Sunday, August 09, 2009

Global warming and national security

Today's New York Times warns that global warming may be a threat to national security:
The changing global climate will pose profound strategic challenges to the United States in coming decades, raising the prospect of military intervention to deal with the effects of violent storms, drought, mass migration and pandemics, military and intelligence analysts say.

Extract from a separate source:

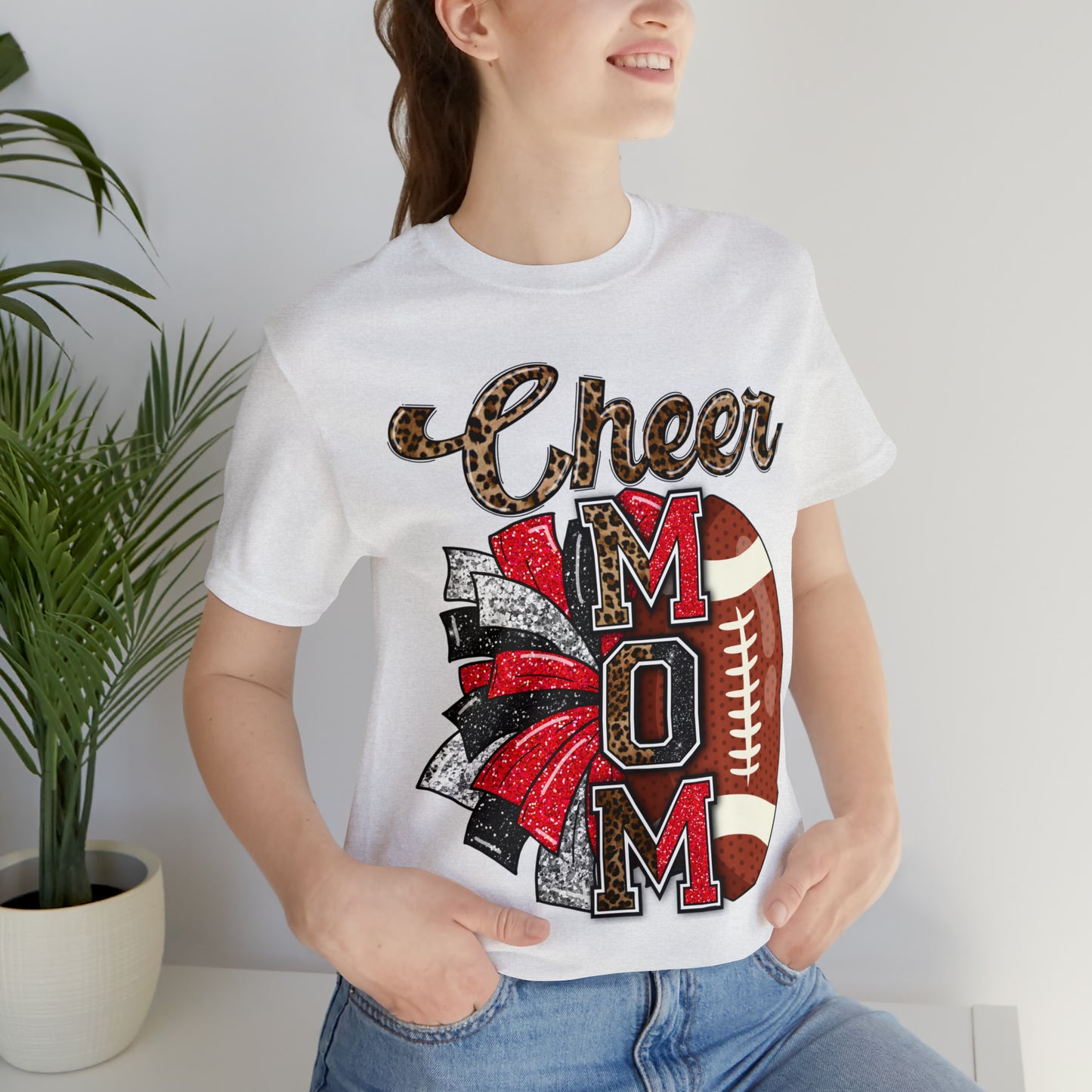 Glitz Cheer Mom Shirt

Such climate-induced crises could topple governments, feed terrorist movements or destabilize entire regions, say the analysts, experts at the Pentagon and intelligence agencies who for the first time are taking a serious look at the national security implications of climate change.

Recent war games and intelligence studies conclude that over the next 20 to 30 years, vulnerable regions, particularly sub-Saharan Africa, the Middle East and South and Southeast Asia, will face the prospect of food shortages, water crises and catastrophic flooding driven by climate change that could demand an American humanitarian relief or military response.
A couple of cynical thoughts:
  • Incorporating a national security angle is a great way to advance an otherwise unpopular argument and minimize opposition.
  • The military has a self-interest in promoting the perception of a dangerous, unstable and violent world. Downplaying threats is not a good way of obtaining budget increases.
But even if we accept the premise, that man-made climate change is real and will lead to sustained and significant deleterious effects, I am still not sure it makes sense to blame it for any conflicts. After all, while resources are limited in all countries, few countries engage in open conflict over them. The United States has suffered any number of climate-related disasters in its history, yet that hasn't produced the food shortages or conflict that is now being warned about.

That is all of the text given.